§ **TASK REQUIREMENTS**: What I need is an exact repeat of the lines from the one with "Name: usdcad_15m.gif" through the end of the listing below. Leave out every picture.

§ **PROVIDED ENTRIES**:
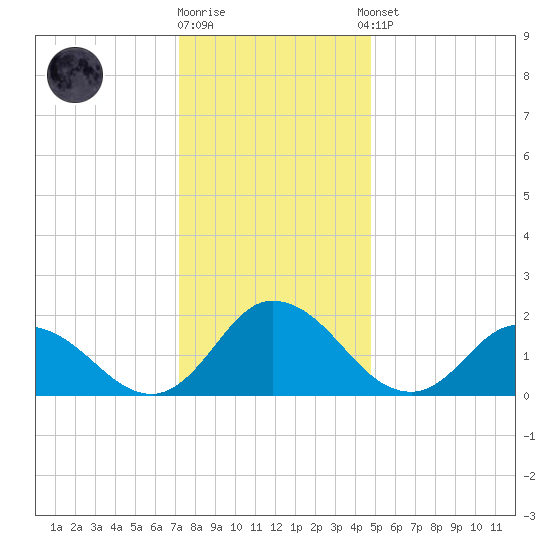 Muddy Creek Entrance tide chart for Friday, December 19, 2025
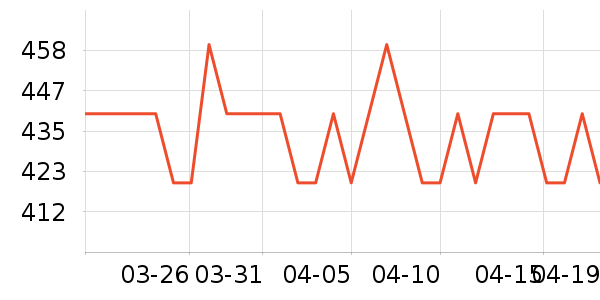 �ž����ư׾���ʷ�۸�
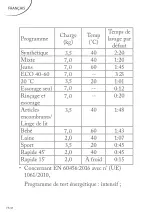 Предварительный просмотр 39 страницы FAR LF714RD22GR Manual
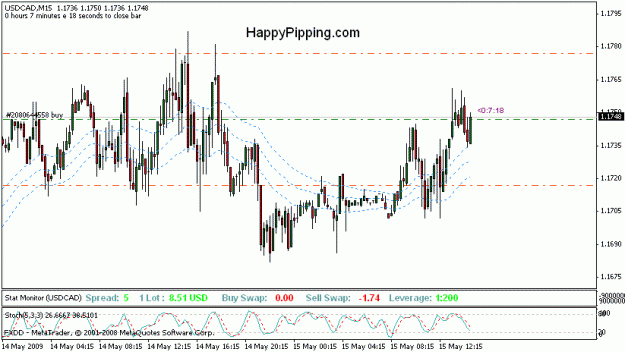 Click to Enlarge

Name: usdcad_15m.gif
Size: 17 KB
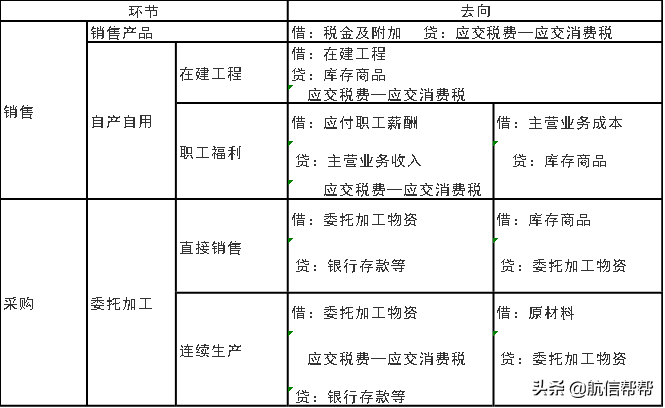 国内女装巨头凉凉？负债73亿+子公司破产！我却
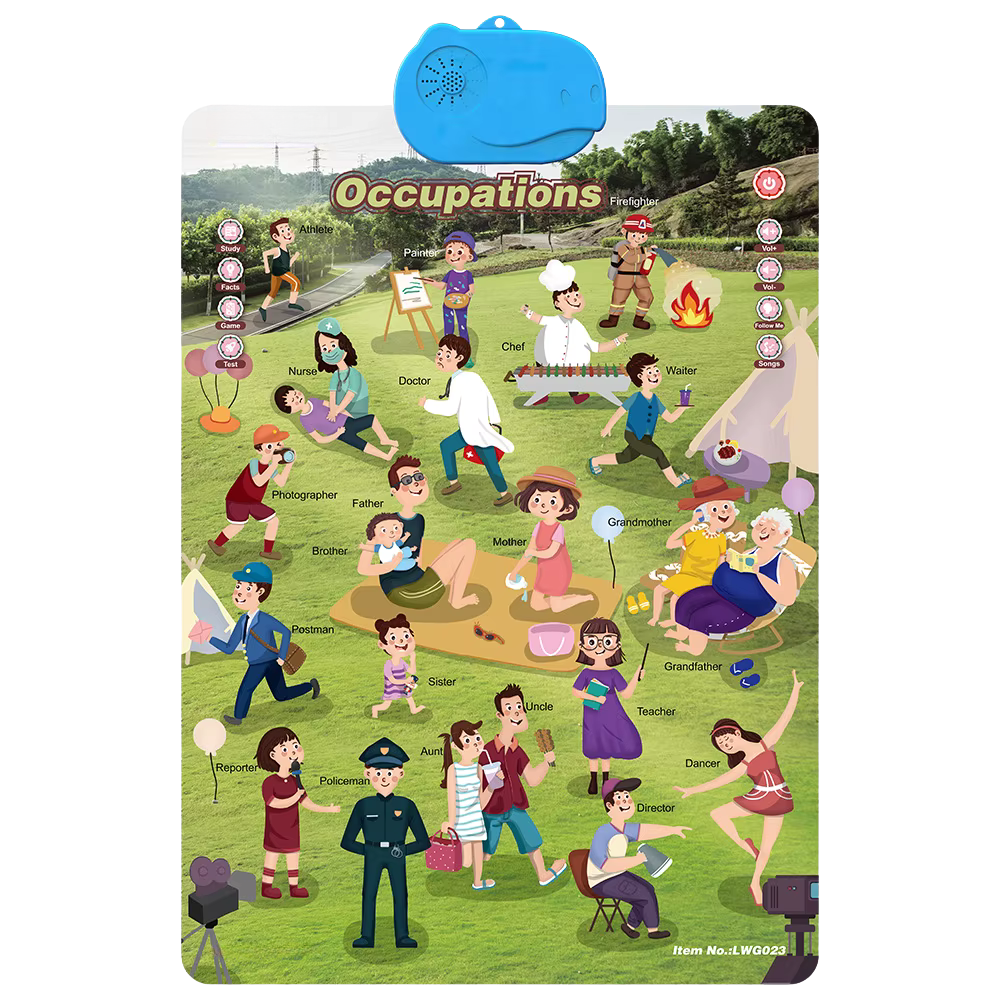 Interactive ABC Wall Chart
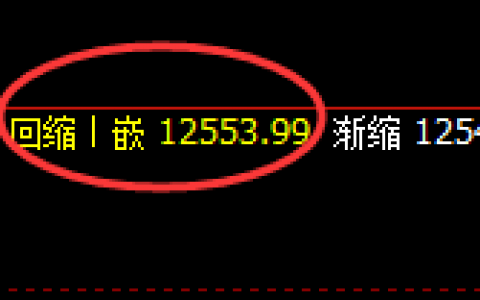 橡胶：4小时结构低点精准触及并振荡回升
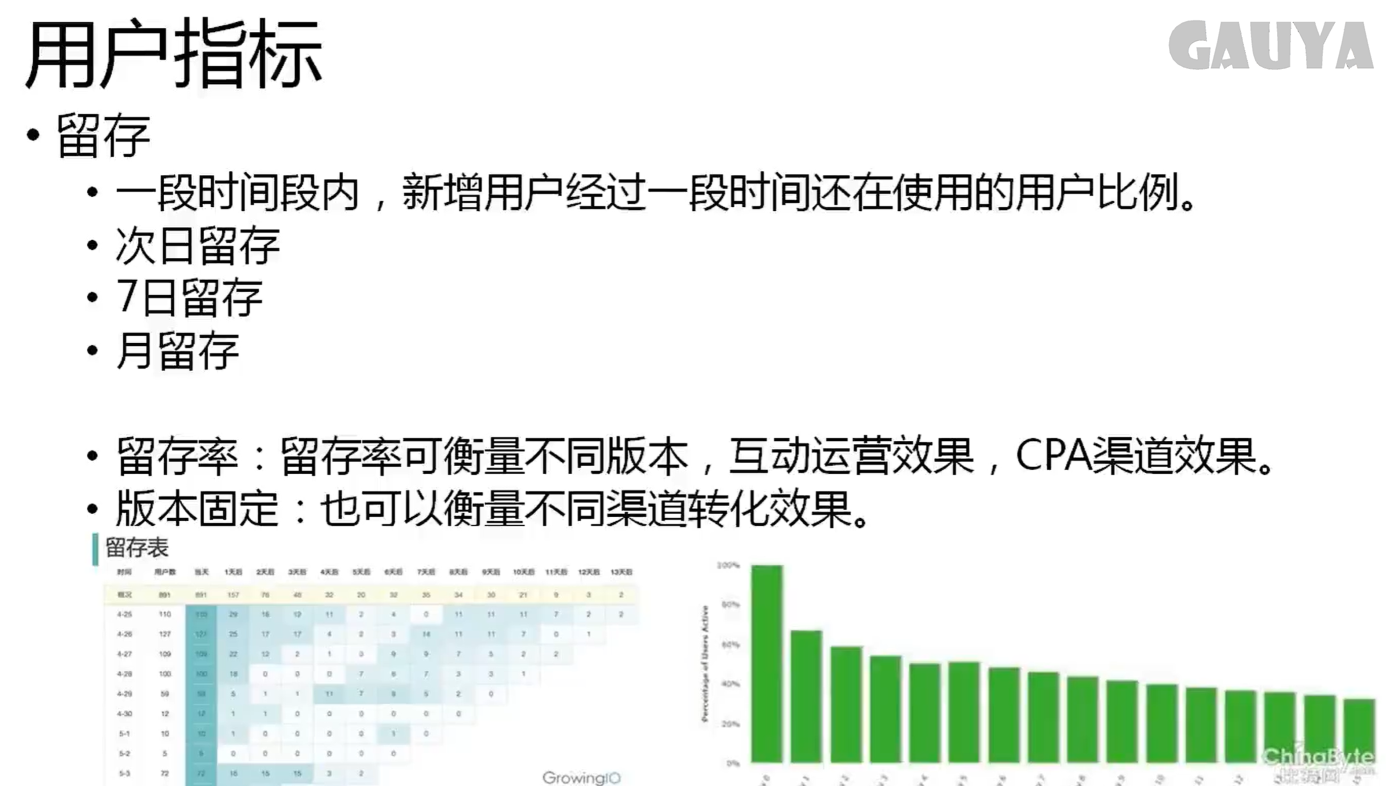 利用python进行用户行为分析_python人员行为分析算法-CSDN博客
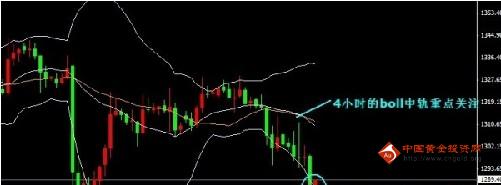今日黄金价格下跌放缓是为了欧美盘铺垫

§ **RESULT OF THE TASK**:
Name: usdcad_15m.gif
Size: 17 KB
 国内女装巨头凉凉？负债73亿+子公司破产！我却
 Interactive ABC Wall Chart
 橡胶：4小时结构低点精准触及并振荡回升
 利用python进行用户行为分析_python人员行为分析算法-CSDN博客
今日黄金价格下跌放缓是为了欧美盘铺垫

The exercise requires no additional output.